Make your own homemade ice cream, it’s a fun project for the kids this summer and a healthier treat than storebought.
Homemade French Vanilla Ice Cream
What You Need:
1/2 C sugar (use Sucanat or another sweetener you like)
1/4 t salt
1 C of milk (preferably raw)
3 egg yolks, beaten
1 T vanilla
2 C cream, chilled
How to Make It:
Dump the sugar into a heavy duty saucepan.
Sprinkle the salt over the sugar.
Pour the milk into the saucepan and stir to combine.
Add the egg yolks and stir until all the ingredients are combined together well.

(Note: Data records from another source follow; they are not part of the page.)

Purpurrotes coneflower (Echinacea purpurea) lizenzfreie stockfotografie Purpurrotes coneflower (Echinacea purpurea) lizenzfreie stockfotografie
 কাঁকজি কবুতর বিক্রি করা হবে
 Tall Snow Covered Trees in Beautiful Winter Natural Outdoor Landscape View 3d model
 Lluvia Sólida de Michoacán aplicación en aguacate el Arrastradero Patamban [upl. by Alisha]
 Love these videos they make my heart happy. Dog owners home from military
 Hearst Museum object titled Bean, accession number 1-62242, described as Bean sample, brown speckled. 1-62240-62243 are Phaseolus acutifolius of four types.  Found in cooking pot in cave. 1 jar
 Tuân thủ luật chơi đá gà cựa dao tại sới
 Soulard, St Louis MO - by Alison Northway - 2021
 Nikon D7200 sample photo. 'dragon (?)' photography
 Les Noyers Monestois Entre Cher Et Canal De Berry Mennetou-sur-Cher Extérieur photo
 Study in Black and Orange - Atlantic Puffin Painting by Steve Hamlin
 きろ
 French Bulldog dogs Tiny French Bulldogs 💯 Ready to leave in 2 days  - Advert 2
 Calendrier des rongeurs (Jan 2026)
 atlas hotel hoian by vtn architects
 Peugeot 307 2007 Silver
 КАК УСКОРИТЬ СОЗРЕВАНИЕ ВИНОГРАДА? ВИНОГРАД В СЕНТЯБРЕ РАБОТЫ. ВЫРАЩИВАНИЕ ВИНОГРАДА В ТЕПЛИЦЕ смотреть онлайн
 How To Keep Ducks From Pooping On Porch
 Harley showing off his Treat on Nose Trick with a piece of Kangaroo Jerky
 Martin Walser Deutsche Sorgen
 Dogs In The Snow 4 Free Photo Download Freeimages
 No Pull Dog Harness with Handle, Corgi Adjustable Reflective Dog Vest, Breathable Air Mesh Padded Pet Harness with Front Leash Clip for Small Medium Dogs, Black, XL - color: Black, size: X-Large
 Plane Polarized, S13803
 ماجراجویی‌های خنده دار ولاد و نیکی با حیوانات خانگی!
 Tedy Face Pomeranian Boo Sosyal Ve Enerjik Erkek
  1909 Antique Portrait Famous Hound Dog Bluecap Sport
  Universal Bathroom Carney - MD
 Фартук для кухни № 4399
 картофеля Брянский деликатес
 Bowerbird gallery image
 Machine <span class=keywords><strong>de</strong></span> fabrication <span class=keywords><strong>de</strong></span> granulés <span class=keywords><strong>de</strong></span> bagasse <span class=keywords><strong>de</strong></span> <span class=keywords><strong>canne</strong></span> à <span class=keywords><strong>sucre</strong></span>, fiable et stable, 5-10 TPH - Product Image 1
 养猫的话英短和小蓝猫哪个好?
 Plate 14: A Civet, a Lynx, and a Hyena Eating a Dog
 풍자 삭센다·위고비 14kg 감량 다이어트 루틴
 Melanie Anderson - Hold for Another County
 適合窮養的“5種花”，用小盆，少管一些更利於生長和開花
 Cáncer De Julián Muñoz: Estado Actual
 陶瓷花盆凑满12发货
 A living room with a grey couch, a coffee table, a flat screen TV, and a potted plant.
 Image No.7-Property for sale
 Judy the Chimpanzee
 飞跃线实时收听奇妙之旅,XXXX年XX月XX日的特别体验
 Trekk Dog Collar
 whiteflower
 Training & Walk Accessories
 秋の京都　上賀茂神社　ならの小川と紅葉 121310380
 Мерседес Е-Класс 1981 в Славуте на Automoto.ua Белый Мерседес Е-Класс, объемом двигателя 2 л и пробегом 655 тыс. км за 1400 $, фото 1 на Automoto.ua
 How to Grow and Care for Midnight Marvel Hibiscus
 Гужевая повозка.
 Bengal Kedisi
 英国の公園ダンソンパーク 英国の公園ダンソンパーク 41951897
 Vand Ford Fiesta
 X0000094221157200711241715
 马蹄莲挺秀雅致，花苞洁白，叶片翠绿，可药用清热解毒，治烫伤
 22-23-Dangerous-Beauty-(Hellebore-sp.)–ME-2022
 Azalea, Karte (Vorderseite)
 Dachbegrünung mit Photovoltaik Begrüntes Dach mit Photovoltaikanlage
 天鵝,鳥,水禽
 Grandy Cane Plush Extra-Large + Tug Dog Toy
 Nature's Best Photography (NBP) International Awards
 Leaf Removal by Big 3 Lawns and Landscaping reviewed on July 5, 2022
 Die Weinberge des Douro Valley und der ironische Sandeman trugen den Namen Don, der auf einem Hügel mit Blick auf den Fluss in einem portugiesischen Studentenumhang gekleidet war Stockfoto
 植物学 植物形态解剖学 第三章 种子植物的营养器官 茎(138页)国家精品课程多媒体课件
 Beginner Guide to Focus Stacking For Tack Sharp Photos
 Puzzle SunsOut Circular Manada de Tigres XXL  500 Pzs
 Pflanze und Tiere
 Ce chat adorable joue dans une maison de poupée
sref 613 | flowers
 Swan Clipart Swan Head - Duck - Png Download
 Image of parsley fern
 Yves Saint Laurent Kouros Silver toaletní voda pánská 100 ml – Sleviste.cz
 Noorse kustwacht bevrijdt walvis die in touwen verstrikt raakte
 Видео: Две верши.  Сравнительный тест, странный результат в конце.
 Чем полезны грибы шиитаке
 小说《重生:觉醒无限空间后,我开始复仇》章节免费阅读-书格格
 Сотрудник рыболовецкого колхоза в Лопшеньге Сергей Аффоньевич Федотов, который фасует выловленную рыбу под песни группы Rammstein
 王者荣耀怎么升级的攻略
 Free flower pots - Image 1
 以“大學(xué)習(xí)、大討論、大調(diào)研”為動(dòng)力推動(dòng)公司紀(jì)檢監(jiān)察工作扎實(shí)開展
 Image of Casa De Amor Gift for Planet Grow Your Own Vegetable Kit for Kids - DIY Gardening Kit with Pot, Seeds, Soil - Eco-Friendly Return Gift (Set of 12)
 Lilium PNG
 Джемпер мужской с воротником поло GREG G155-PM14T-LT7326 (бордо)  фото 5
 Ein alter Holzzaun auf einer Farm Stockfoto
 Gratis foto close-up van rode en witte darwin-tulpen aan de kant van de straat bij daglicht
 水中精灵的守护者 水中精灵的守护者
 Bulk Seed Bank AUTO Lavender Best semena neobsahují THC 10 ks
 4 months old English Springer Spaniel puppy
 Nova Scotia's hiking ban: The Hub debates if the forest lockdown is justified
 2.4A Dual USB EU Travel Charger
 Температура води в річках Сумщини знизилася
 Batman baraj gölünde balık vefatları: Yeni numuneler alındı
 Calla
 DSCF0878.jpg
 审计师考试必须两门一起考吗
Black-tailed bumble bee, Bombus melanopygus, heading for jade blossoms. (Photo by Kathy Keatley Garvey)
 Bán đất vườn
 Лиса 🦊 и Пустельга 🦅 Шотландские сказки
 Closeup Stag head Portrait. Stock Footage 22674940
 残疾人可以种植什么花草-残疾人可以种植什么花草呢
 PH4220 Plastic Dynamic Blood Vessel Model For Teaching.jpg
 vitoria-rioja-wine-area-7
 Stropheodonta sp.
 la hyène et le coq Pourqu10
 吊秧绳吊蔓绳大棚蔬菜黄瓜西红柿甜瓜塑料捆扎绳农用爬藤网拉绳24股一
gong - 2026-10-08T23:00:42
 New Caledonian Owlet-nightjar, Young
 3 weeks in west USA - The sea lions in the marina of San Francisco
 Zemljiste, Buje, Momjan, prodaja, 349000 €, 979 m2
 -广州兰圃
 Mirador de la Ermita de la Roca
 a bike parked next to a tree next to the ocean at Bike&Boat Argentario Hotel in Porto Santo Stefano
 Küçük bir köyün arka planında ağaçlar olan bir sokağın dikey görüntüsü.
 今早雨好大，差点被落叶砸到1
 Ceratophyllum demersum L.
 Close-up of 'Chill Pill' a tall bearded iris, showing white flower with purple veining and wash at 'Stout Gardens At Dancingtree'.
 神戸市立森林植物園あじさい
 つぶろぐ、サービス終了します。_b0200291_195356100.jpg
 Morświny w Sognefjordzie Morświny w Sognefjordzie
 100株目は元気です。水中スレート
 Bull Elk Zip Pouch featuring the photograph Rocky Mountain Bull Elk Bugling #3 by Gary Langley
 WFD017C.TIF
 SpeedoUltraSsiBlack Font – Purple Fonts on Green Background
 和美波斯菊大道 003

Place the pan over medium heat and stirring constantly cook 3 minutes or until bubbles begin to appear around the edges.
Remove the pan from the stove and allow the mixture to cool to room temperature.
Stir in the vanilla.
Pour the ice cream into a refrigerator try and place in the freezer 45 minutes or until mushy.
Place 2 bowls in the refrigerator to chill.
Add the whipping cream to the chilled bowl and beat with an electric mixer until soft peaks begin to form.
Spoon the partially frozen ice cream mixture into the second chilled bowl.
Beat with the mixer on medium speed until smooth.
Fold the whipped cream into the mixture well.
Pour the ice cream evenly into 2 refrigerator trays and cover with wax paper.
Freeze at least 3 hours or until firm stirring the ice cream mixture about every 10 minutes for the first hour of freezing time.
Makes 1 quart of ice cream
To make this ice cream in a crank style ice cream maker, follow the above directions to where you add the vanilla. Add the vanilla and whipping cream together. Pour 1/2 of the mixture into the freezer can of ice cream maker. Fill the freezer tub 1/3 full of ice and then add the remaining ice cream. Crank until it becomes too difficult to turn. Drain off water, replace the lid and allow the ice cream to ripen for at least 4 hours.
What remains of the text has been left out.